DESCRIPTION OF THE TASK>
Could you copy out every line of the data where the word "Image" occurs?
SOURCE RECORDS below:
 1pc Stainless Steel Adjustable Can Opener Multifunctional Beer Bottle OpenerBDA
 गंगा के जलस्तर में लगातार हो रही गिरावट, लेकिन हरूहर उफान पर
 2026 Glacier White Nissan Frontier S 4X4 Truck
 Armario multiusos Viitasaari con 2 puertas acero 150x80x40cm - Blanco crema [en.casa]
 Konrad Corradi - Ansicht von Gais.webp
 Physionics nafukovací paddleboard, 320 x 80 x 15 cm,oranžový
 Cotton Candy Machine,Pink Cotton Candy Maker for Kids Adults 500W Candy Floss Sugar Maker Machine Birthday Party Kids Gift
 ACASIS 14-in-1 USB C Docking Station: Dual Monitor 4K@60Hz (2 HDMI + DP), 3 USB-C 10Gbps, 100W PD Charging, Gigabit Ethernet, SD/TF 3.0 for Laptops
End of SOURCE RECORDS.
SOURCE RECORDS below:
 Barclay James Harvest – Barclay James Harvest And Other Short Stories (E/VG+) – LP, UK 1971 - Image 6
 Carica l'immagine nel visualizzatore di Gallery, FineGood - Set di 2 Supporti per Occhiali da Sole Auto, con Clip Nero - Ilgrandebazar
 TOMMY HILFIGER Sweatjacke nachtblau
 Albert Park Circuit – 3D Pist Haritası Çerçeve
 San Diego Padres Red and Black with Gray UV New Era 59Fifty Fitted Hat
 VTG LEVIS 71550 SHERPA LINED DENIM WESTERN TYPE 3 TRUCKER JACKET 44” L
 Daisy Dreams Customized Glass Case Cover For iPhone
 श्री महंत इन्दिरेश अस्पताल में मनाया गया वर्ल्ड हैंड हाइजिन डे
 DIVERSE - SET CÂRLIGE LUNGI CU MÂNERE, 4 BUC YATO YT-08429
End of SOURCE RECORDS.
SOURCE RECORDS below:
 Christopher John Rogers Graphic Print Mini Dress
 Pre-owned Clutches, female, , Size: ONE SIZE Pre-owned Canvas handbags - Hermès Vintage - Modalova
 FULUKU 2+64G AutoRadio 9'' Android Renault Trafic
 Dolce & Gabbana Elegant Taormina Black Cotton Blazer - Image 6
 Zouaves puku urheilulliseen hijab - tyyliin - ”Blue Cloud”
End of SOURCE RECORDS.
TASK RESULT>
 Barclay James Harvest – Barclay James Harvest And Other Short Stories (E/VG+) – LP, UK 1971 - Image 6
 Dolce & Gabbana Elegant Taormina Black Cotton Blazer - Image 6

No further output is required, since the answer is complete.